After dinner a rubber at Lamb's; then went with Lamb and Burney to Rickman's. Hazlitt there. Cards, as usual, were our amusement. Lamb was in a pleasant mood. Rickman produced one of Chatterton's forgeries. In one manuscript there were seventeen different kinds of e's. "0," said Lamb, "that must have been written by one of the Mob of gentlemen who write with ease."
           — Henry Crabb Robinson writes in his diary for December 30th, 1812 


Or damn all Shakespeare, like th' affected fool
At court, who hates whate'er he read at school.


 But for the wits of either Charles's days,
The mob of gentlemen who wrote with ease;
Sprat, Carew, Sedley, and a hundred more,
(Like twinkling stars the Miscellanies o'er)
One simile, that solitary shines
In the dry desert of a thousand lines,
Or lengthen'd thought that gleams through many a page,
Has sanctified whole poems for an age.

           —  Imitations of Horace by Alexander Pope, 

December 29 1812: Constitution Defeats HMS Java



On December 29 1812, the USS Constitution engages and defeats the HMS Java off the coast of Brazil.
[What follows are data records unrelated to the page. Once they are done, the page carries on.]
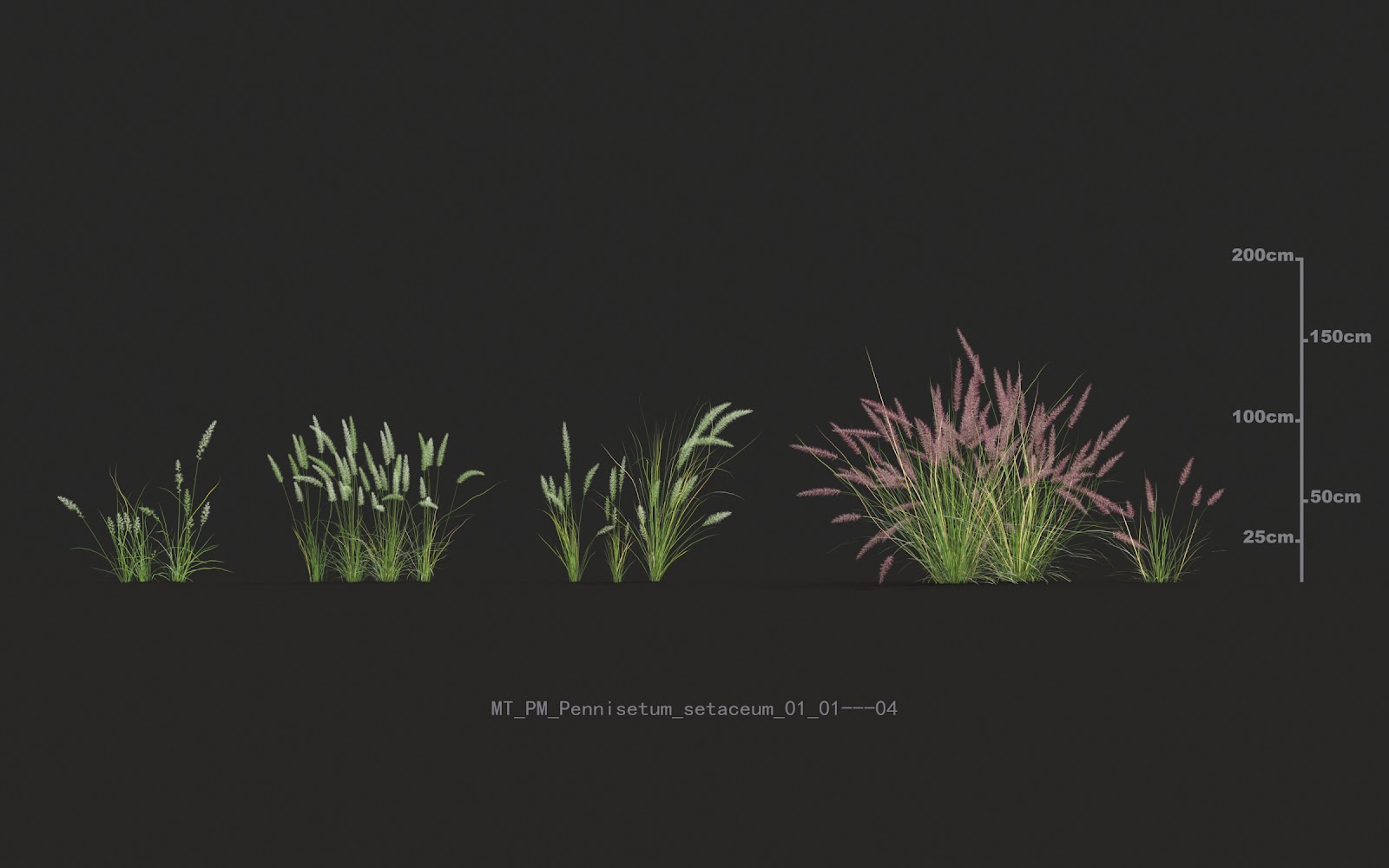 Maxtree - Plant Models Vol.20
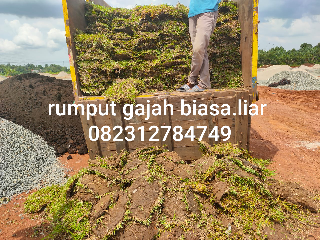 jual rumput gajah biasa 08.12.92.12.77.31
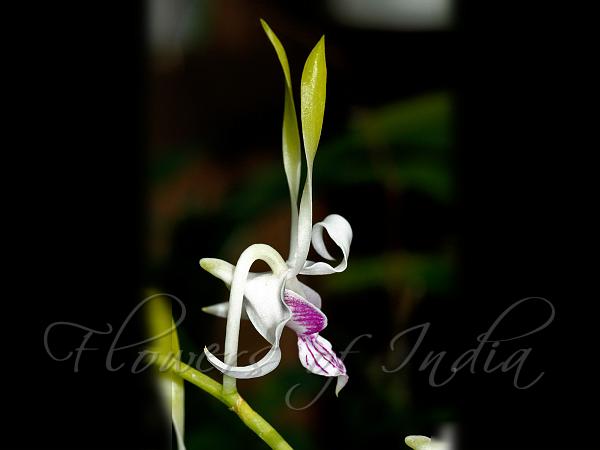 Antelope Orchid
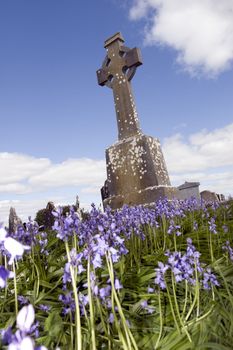 old ancient Celtic graveyard with unmarked gravestones and bluebell flowers in Ireland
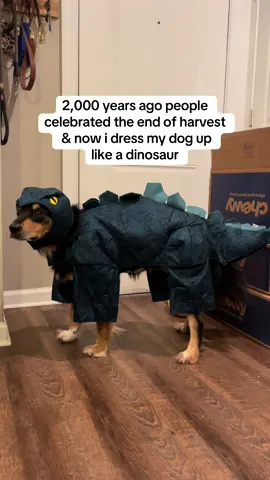 Crazy how traditions transform 😂 “Can i take this off now?” - Russell #halloween #dogsoftiktok 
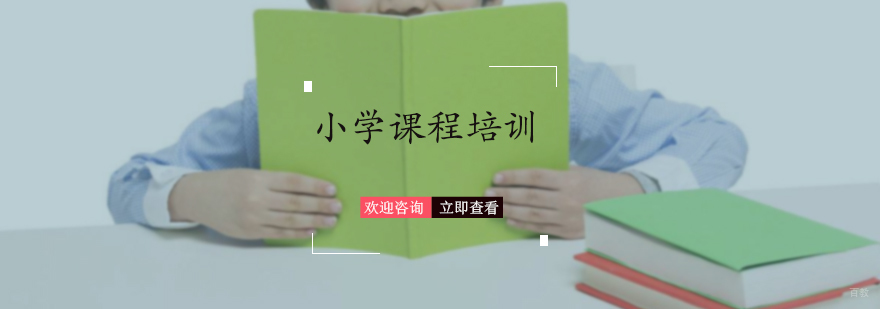 小学课程培训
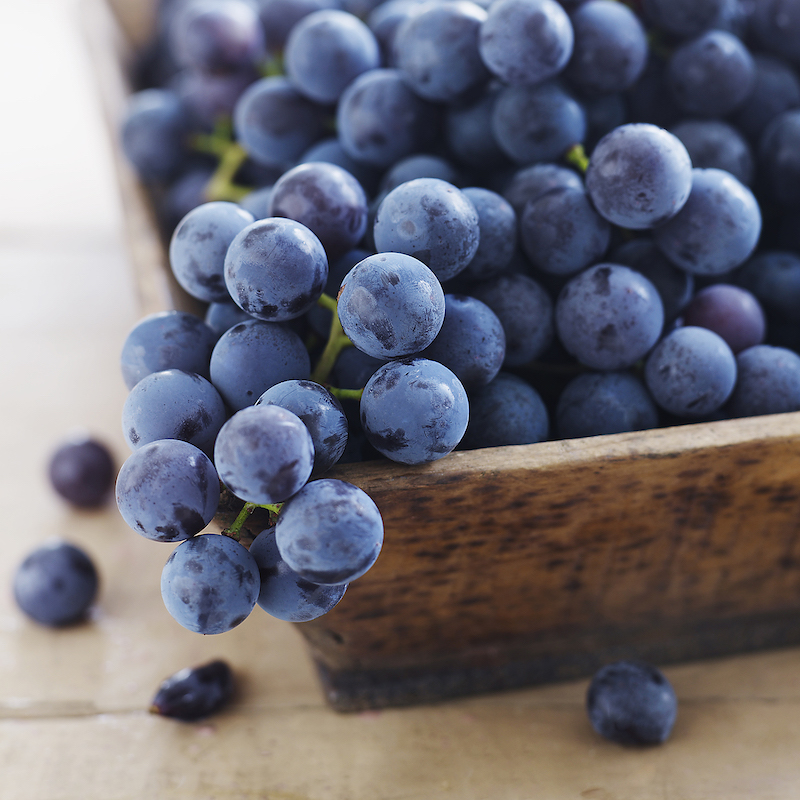 grapes_thinkstockphotos-83311979_square.jpg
The Constitution suffers 34 men killed and wounded. The Java has 150 men killed or wounded. William Bainbridge, the captain of the Constitution, is wounded twice during the battle. Captain Lambert of the Java is killed. The Java cannot be salvaged and is sunk.

Theodore Roosevelt wrote about the sea battle in The Naval War of 1812. He described the encounter as follows:

At 9 A.M., Dec. 29, 1812, while the Constitution was running along the coast of Brazil, about thirty miles off shore in latitude 13° 6' S., and longitude 31° W, two strange sail were made, inshore and to windward. These were H. B. M. frigate Java, Captain Lambert, forty-eight days out of Spithead, England, with the captured ship William in company. Directing the latter to make for San Salvador, the Java bore down in chase of the Constitution. The wind was blowing light from the N.N.E., and there was very little sea on.